## [Problem to solve]
Of the lines in the material below, print only those from the one containing "Homme Pliss&eacute; Issey" to the one containing "China Custom Fancy", ends included, exactly as written and without pictures.

## [Data records]
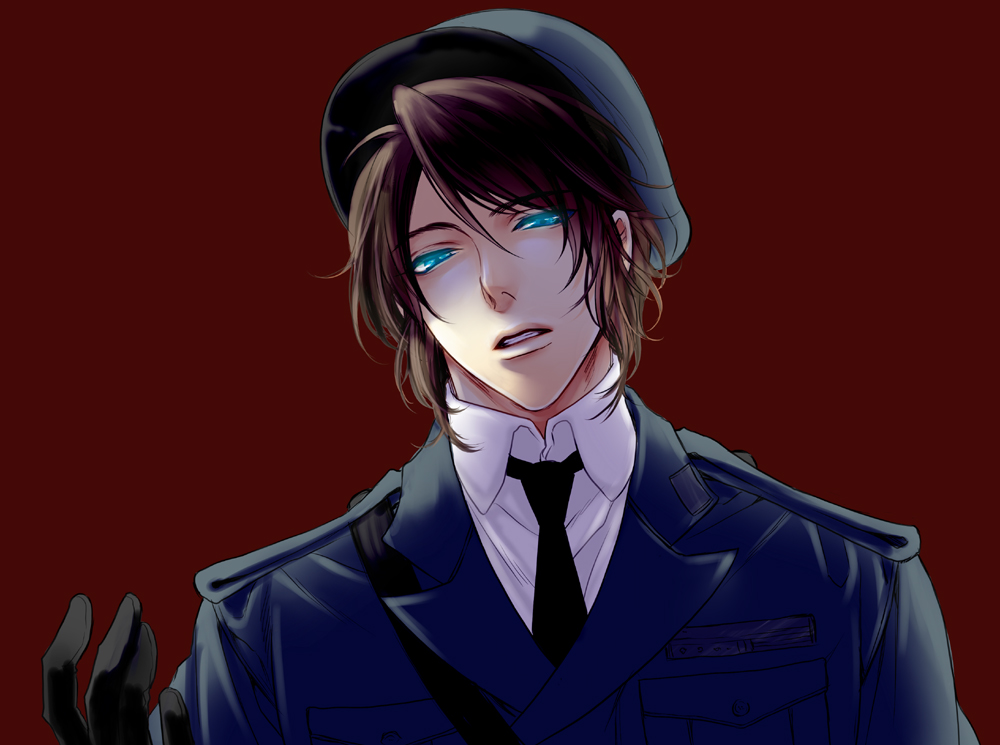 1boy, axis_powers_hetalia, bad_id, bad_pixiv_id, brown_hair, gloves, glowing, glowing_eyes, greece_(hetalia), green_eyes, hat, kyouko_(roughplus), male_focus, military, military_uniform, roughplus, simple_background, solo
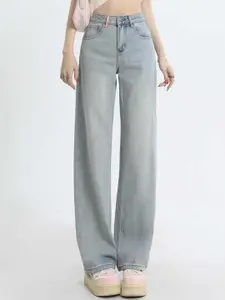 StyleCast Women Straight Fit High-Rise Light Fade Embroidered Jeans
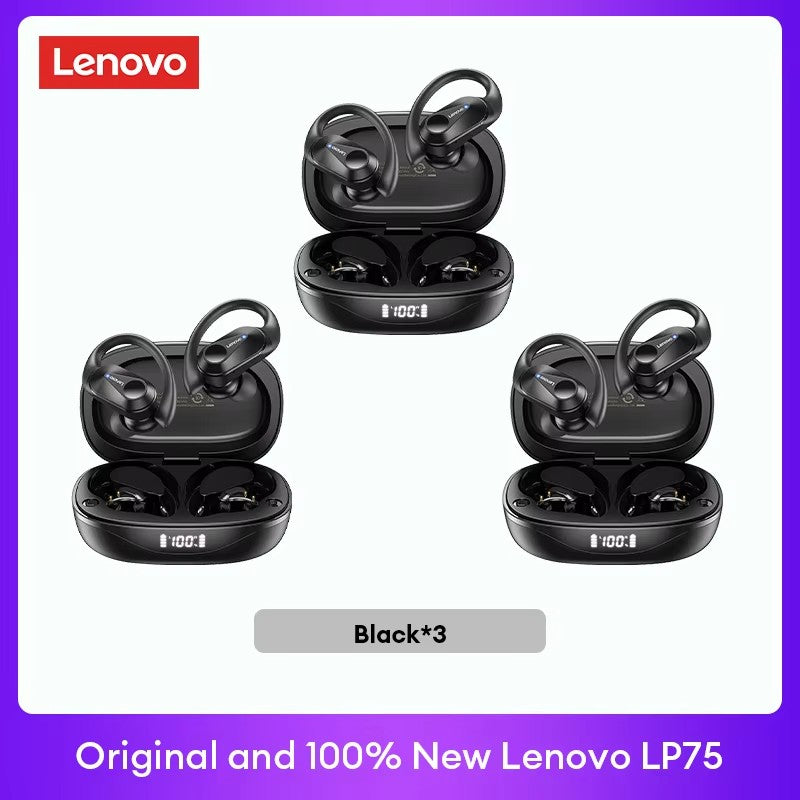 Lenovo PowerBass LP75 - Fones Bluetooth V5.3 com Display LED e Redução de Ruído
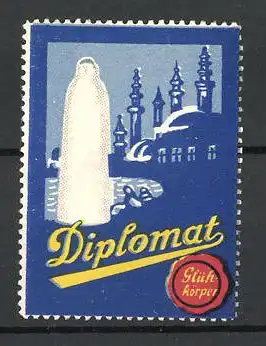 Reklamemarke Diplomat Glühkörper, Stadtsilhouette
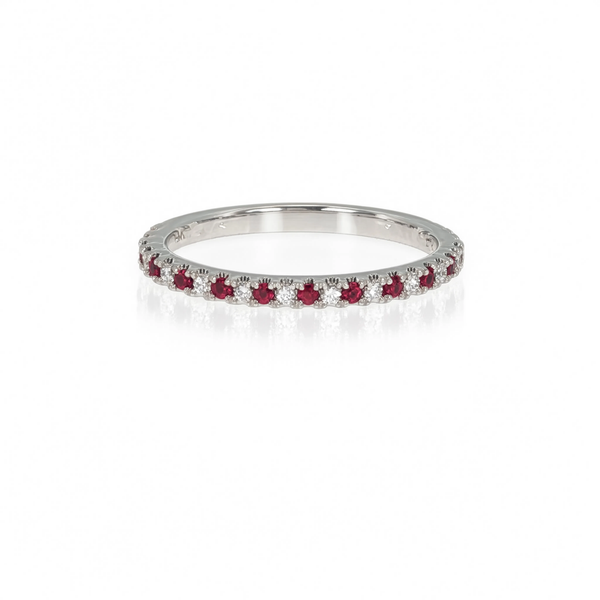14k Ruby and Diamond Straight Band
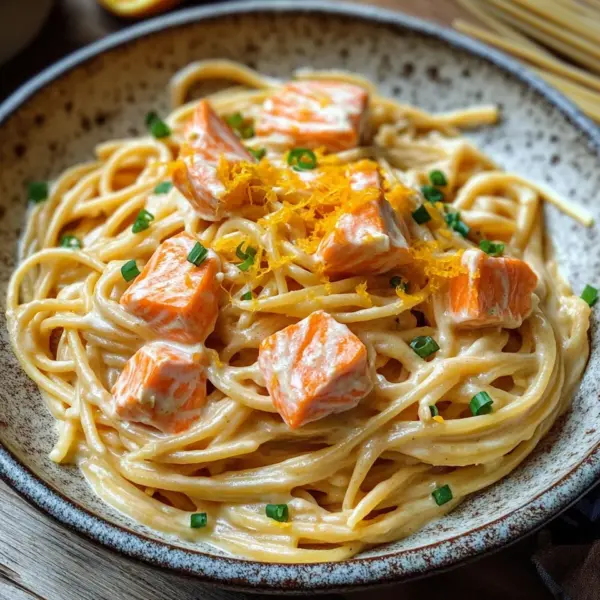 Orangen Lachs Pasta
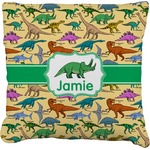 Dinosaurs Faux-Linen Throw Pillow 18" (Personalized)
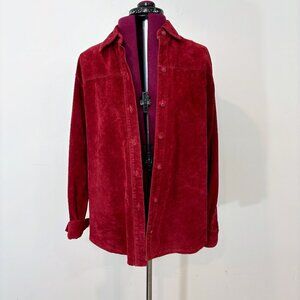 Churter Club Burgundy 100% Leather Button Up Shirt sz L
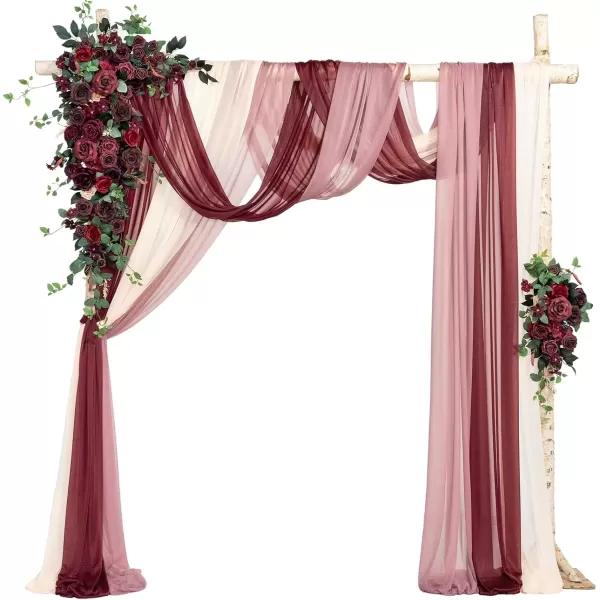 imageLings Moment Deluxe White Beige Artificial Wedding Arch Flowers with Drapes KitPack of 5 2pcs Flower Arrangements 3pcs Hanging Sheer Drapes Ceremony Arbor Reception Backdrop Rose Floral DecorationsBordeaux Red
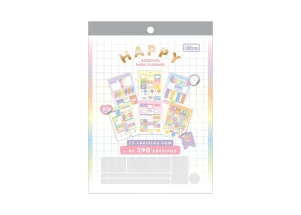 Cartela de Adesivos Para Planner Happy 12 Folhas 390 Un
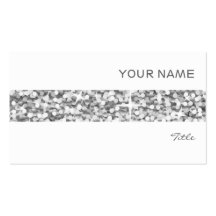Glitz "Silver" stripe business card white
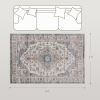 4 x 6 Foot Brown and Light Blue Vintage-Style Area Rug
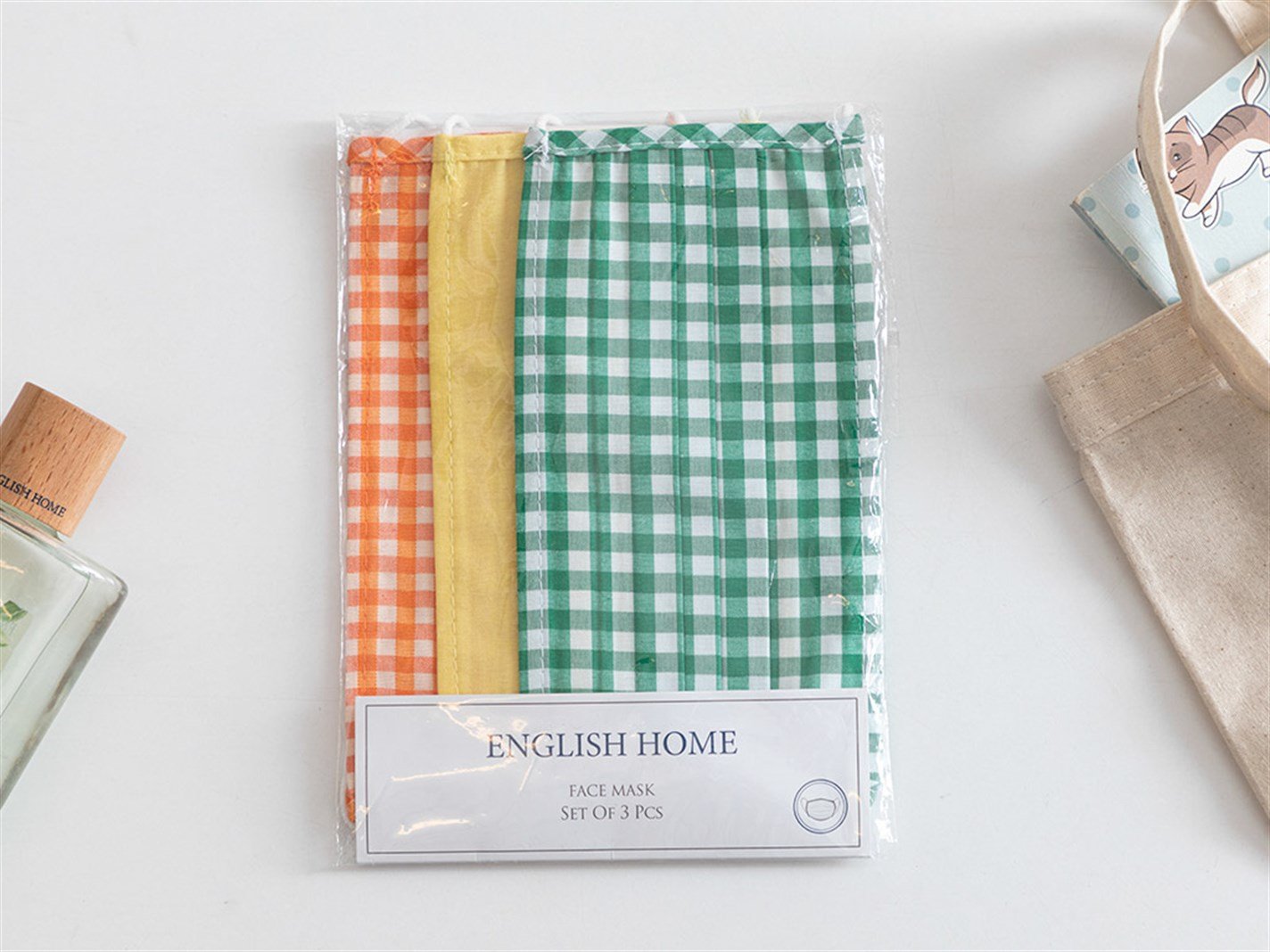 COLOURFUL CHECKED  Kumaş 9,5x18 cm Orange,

...

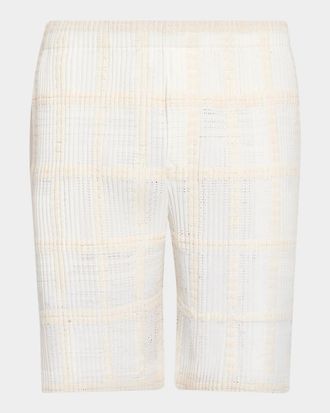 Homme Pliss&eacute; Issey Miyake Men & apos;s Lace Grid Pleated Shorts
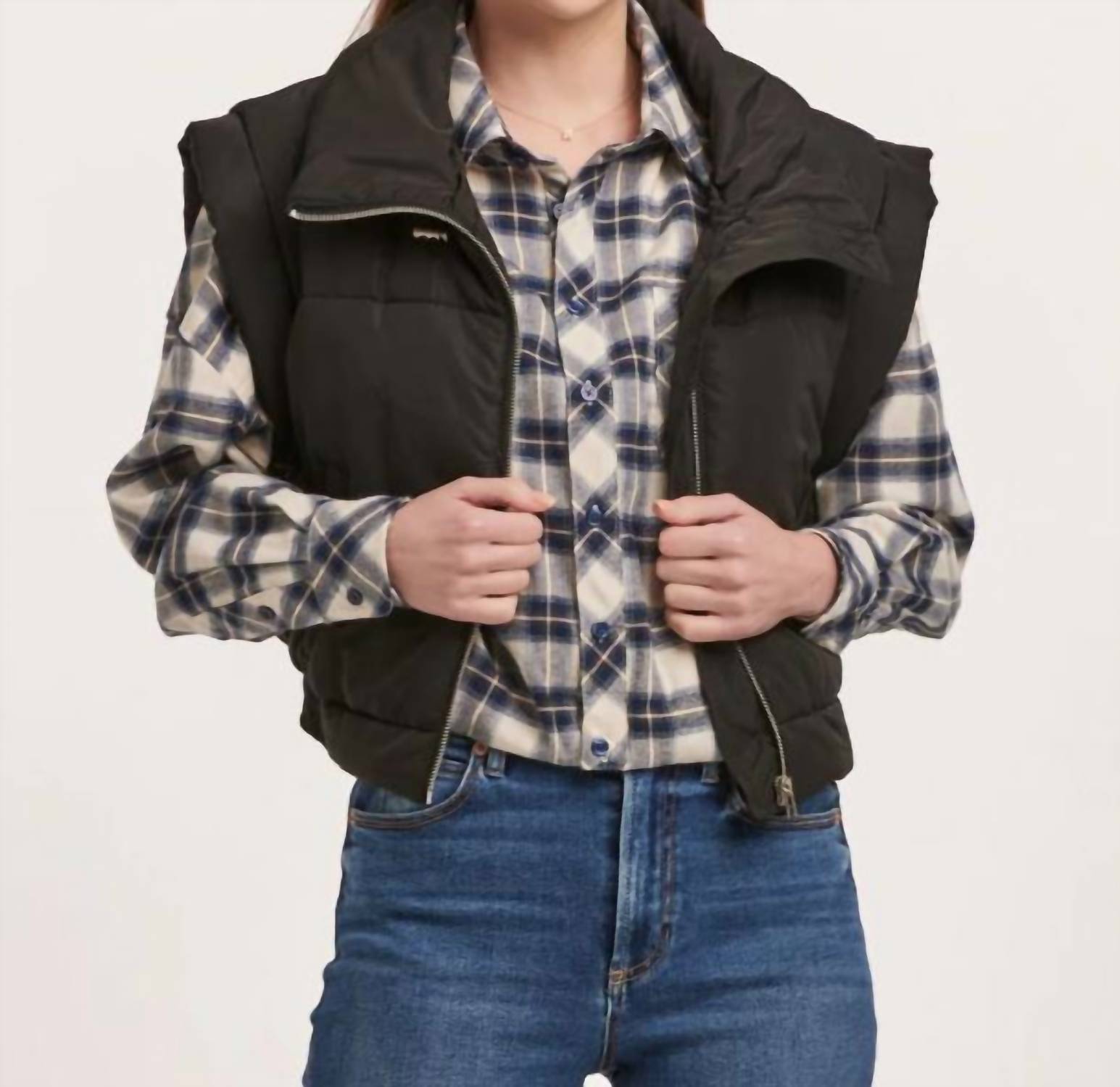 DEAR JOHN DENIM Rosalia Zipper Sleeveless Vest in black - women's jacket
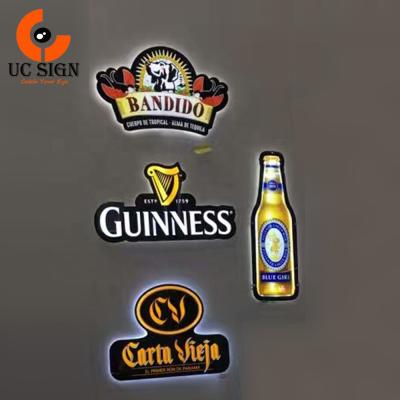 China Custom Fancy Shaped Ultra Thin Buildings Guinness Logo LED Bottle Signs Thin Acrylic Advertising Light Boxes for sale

## [Expected answer]
 Homme Pliss&eacute; Issey Miyake Men & apos;s Lace Grid Pleated Shorts
 DEAR JOHN DENIM Rosalia Zipper Sleeveless Vest in black - women's jacket
 China Custom Fancy Shaped Ultra Thin Buildings Guinness Logo LED Bottle Signs Thin Acrylic Advertising Light Boxes for sale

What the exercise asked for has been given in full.